Last month I ran 4 miles a day, 6 days a week. It was greuling some days, but I did a hard thing.
finding joy in hard things
Each aspect of my life has been challenged before, from faith to health to morality to aspiration. After every setback it is easy to see, in retrospect, the difficulty I was faced with. I recognize that my life has been for the most part one full of privilege – I am grateful and undeserving of the life given me. My experience, though, has taught me that it is good to be faced with moderate opposition. Even my closest friends and I hold opposing views.
For example, during a racquet sports class in high school, a friend and I had a heated argument about how cloud computing would rise. I expected that music, gaming, and the operating system would for the most part be offloaded to a server on the internet. My friend thought that the benefits of local computation were too great to give up. Neither of us were entirely wrong. Exposure to an alternative perspective helped me to articulate my thoughts and empathize with the points he was making. We argued vehemently during the class but it didn’t affect our relationship in the long term.

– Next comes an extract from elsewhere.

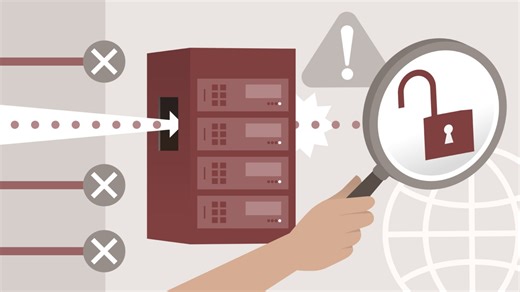 Scanning network ports with Nmap - Nmap Video Tutorial | LinkedIn Learning, formerly Lynda.com
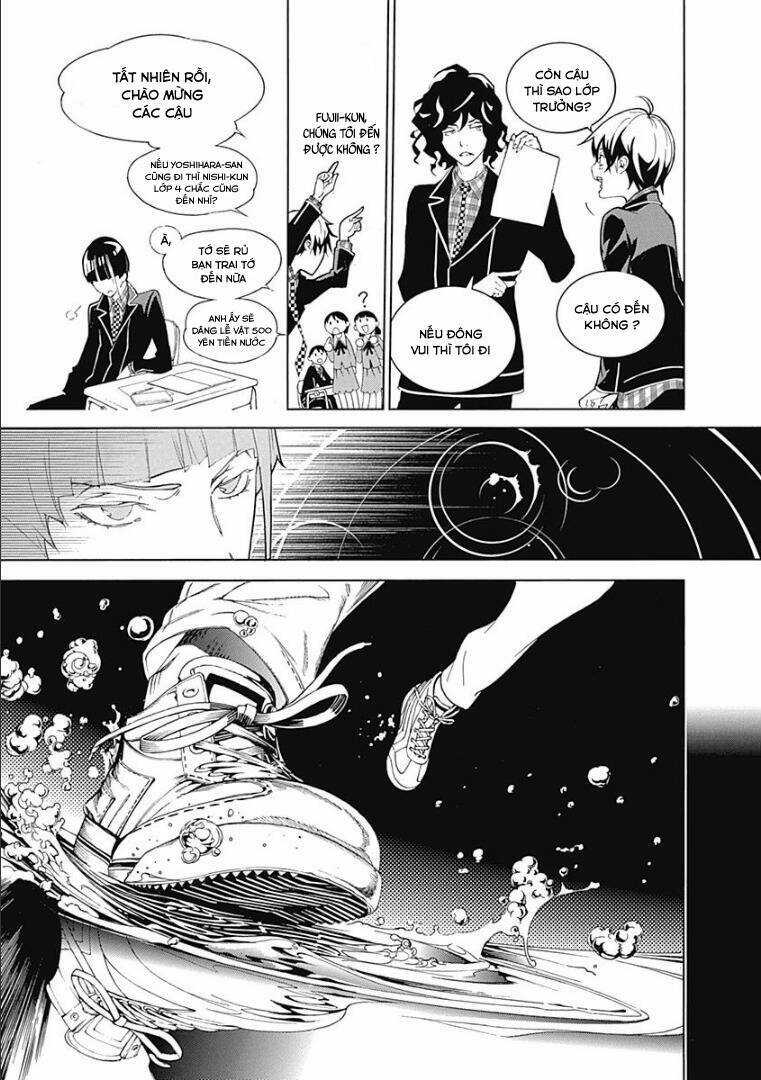 Biorg Trinity Chương 5 trang 10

Similarly, I hold a firm belief that we should make an effort to face, and even embrace, opposition when presented with difficulty. Discomfort is a joy; it keeps us young, it energizes the mind. It need not alter my personal opinion of running to run every day of the month, but doing it offers me a level of “discomfort immersion” that is not possible otherwise. By fully committing myself to something I was not sure I would complete, I challenged and developed my own perspective in new ways.
By the way, I did learn to love running and I’m better for it.
running is boring
Our bodies are built for endurance running. We are bipedal maybe for that very purpose – enabling us to chase an animal long enough to wear it down and make it easier to hunt. It seems that our brains may have missed out on that particular evolutionary leap though, because running is still boring.
Monotonous activity like running serves as forced boredom. It is a crucial component of what we need to be more creative. Locking out the standard overstimulation we regularly experience is refreshing. It is a breath of much-needed fresh air in a life filled with ever-present distraction. I experienced this in full force in April.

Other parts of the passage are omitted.